# Querying a PDF file

An small example of querying a PDF with Retrieval Augmented Generation using Langchain and Open AI API.
The instructions were taken from the standard Langchain documentation at:
- https://python.langchain.com/docs/use_cases/question_answering/quickstart/
- https://python.langchain.com/docs/modules/data_connection/document_loaders/pdf/#using-pypdf

Their example was modified here to query a PDF instead of a webpage.

Notes: 
- To end the program, pass an empty string to the user prompt
- The below dependencies need to be installed before this works.

In [1]:
%pip install --upgrade --quiet langchain langchain-community langchainhub langchain-openai langchain-chroma bs4 pypdf

Note: you may need to restart the kernel to use updated packages.


In [3]:
import os

os.environ["OPENAI_API_KEY"] = "<INSERT OPENAI API KEY HERE>"
os.environ["LANGCHAIN_TRACING_V2"] = "true"
os.environ["LANGCHAIN_API_KEY"] = "<INSERT LANGCHAIN API KEY HERE>"

import bs4
from langchain import hub
from langchain_chroma import Chroma
from langchain_core.output_parsers import StrOutputParser
from langchain_core.runnables import RunnablePassthrough
from langchain_openai import OpenAIEmbeddings
from langchain_text_splitters import RecursiveCharacterTextSplitter

from langchain_openai import ChatOpenAI
llm = ChatOpenAI(model="gpt-3.5-turbo-0125")

In [4]:
from langchain_community.document_loaders import PyPDFLoader
loader = PyPDFLoader("Wells and Choi - 2019 - Transcriptional Profiling of Stem Cells Moving fr.pdf")
docs = loader.load_and_split()

In [5]:
# Split text into smaller fragments
text_splitter = RecursiveCharacterTextSplitter(chunk_size=1000, chunk_overlap=200)
splits = text_splitter.split_documents(docs)
vectorstore = Chroma.from_documents(documents=splits, embedding=OpenAIEmbeddings())

In [6]:
# Retrieve and generate using the relevant snippets of the blog.
retriever = vectorstore.as_retriever()
prompt = hub.pull("rlm/rag-prompt")

In [7]:
def format_docs(docs):
    return "\n\n".join(doc.page_content for doc in docs)
rag_chain = (
        {"context": retriever | format_docs, "question": RunnablePassthrough()}
        | prompt
        | llm
        | StrOutputParser()
)

In [None]:
# Prompt user for input until there is an empty string
while True:
    query = input("How can I help you?\n")
    if query == '':
        break

    rag_chain.invoke(query)
    print("\nQuery: " + query)
    for chunk in rag_chain.stream(query):
        print(chunk, end="", flush=True)
    print("\n")

How can I help you?
 What is transcriptional profiling?



Query: What is transcriptional profiling?
Transcriptional profiling is a tool used to compare and analyze gene expression in stem cells and their progeny. It can be used to identify key transcriptional drivers of cell types and make predictions about cell fates. RNA sequencing is commonly used for transcriptional profiling due to its scalability and reliability.



How can I help you?
 What are the future opportunities and challenges?

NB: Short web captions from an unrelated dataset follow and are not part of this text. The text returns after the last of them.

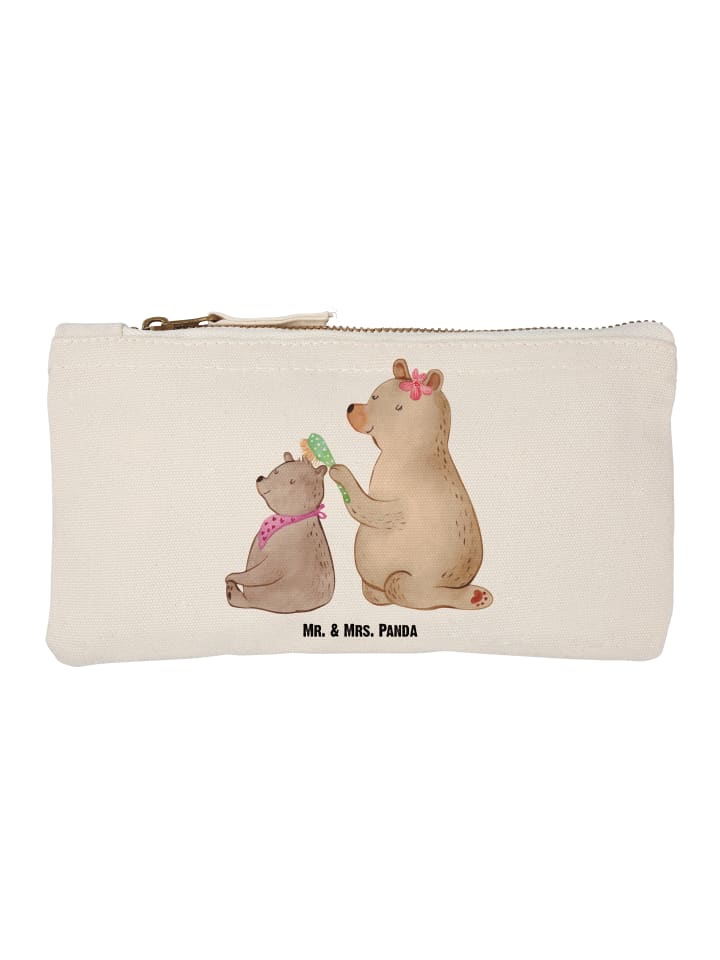 Kulturtasche Bär Kind ohne Spruch in Weiß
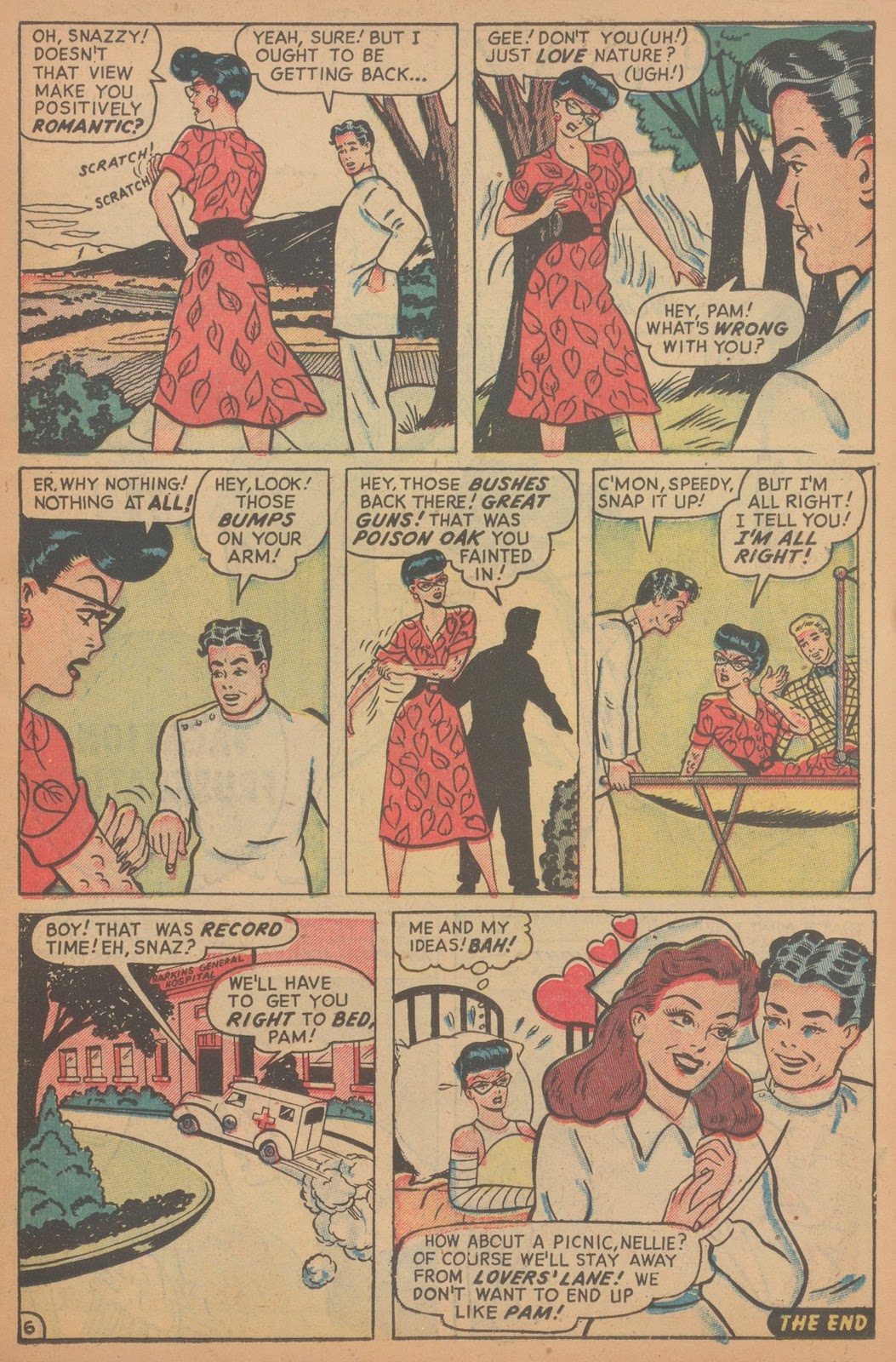 Read online Nellie The Nurse (1945) comic -  Issue #18 - 15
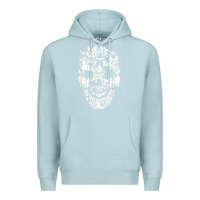 Blue Mist Matching Family French Bulldog Dog Skull Costume Halloween Premium Hoodie - maiPhamDesign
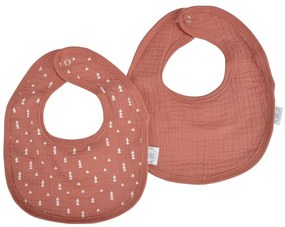 Ceglaste śliniaki muślinowe zestaw 2 szt. – Bébé Douceur
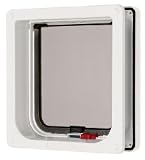 White Pet Mate 234 2 Way Lockable Cat Flap Plus Liner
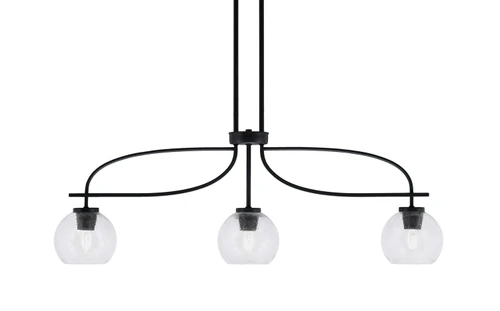 Toltec Lighting - 3936-MB-4100 - Three Light Island Pendant - Cavella - Matte Black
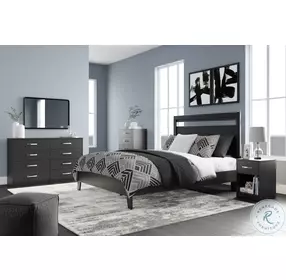 Finch Black Platform Bedroom Set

Query: What are the future opportunities and challenges?
Future opportunities in the stem cell field include improved data analysis methods, enhanced lineage tracing techniques, and the potential for new insights into cell differentiation and reprogramming. Challenges include technical issues related to single-cell sequencing, genetic confounding factors, and the need for improved data integration and analysis methodologies. Overall, advancements in technology and data integration will likely lead to a better understanding of cell identity, activation, and transitions in the future.



How can I help you?
 How will data integration methods change in the future?



Query: How will data integration methods change in the future?
Data integration methods in the future are expected to rely more on exemplar atlases, improved data integration and comparison techniques, and move towards generalizable and reproducible observations. New methods for lineage tracing, integrated perturbation, chromatin profiling, and single-cell RNA sequencing will address molecular program questions in differentiation and reprogramming. Improvements in long-read sequencing will lead to better molecular resolution in stem cell pathways and data integration will increasingly use variable selection methodologies.